**WHAT THE TASK ASKS**
Directions for the data below: repeat exactly the lines from the one with "This home is" through the one with "Two Massachusetts companies", both included, and omit all pictures.

(Beginning of DATASET EXTRACT)

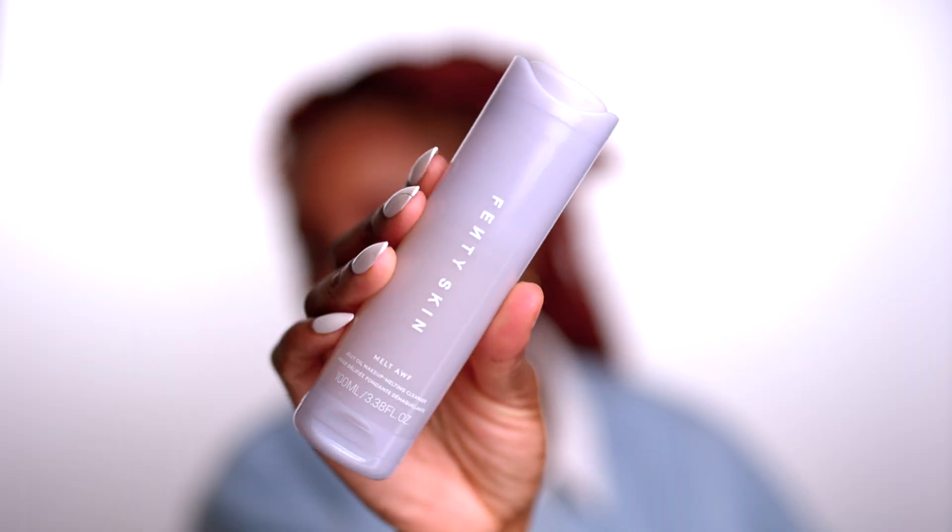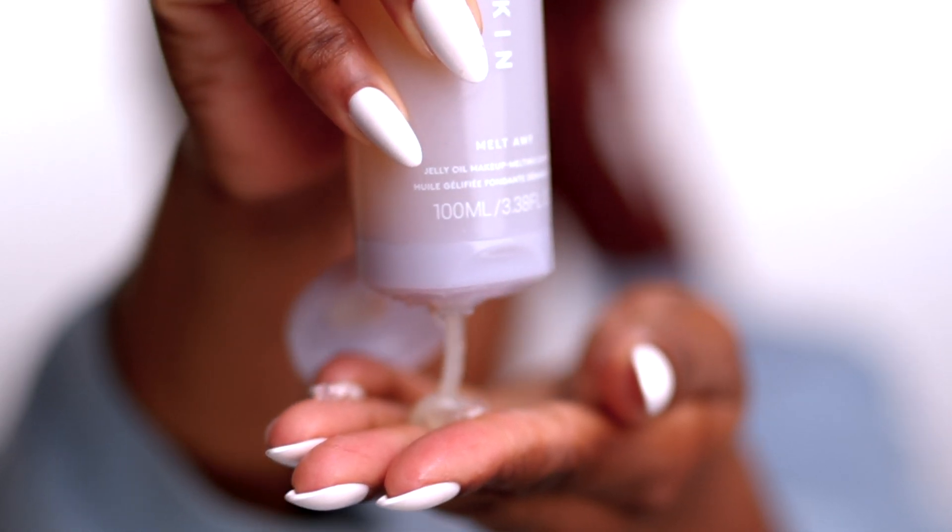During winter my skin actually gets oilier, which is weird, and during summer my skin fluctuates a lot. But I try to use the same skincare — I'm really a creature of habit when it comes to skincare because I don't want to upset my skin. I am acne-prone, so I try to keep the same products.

(End of DATASET EXTRACT)
(Beginning of DATASET EXTRACT)

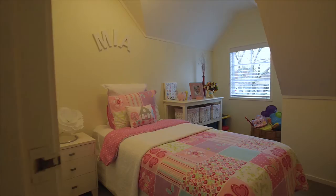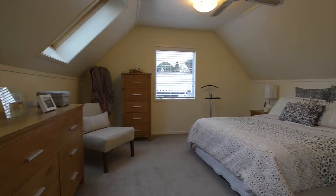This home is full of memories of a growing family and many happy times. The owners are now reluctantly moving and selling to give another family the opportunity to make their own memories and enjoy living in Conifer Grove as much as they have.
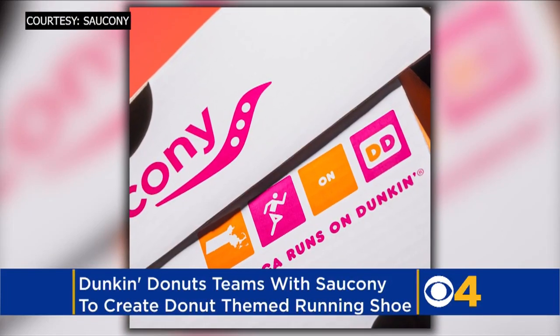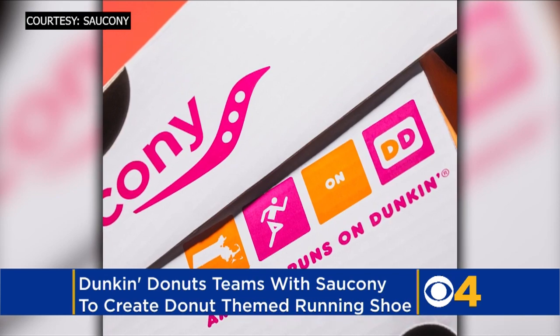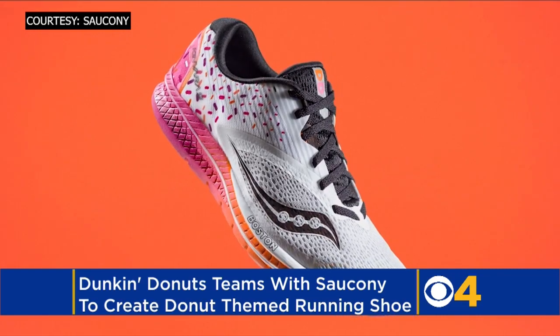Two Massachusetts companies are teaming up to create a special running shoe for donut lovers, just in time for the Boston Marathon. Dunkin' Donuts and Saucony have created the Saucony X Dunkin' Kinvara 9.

(End of DATASET EXTRACT)
(Beginning of DATASET EXTRACT)

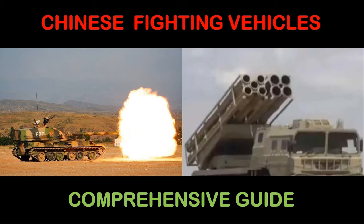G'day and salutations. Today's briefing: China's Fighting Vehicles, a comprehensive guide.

(End of DATASET EXTRACT)

**SOLUTION TO THIS TASK**
This home is full of memories of a growing family and many happy times. The owners are now reluctantly moving and selling to give another family the opportunity to make their own memories and enjoy living in Conifer Grove as much as they have.
Two Massachusetts companies are teaming up to create a special running shoe for donut lovers, just in time for the Boston Marathon. Dunkin' Donuts and Saucony have created the Saucony X Dunkin' Kinvara 9.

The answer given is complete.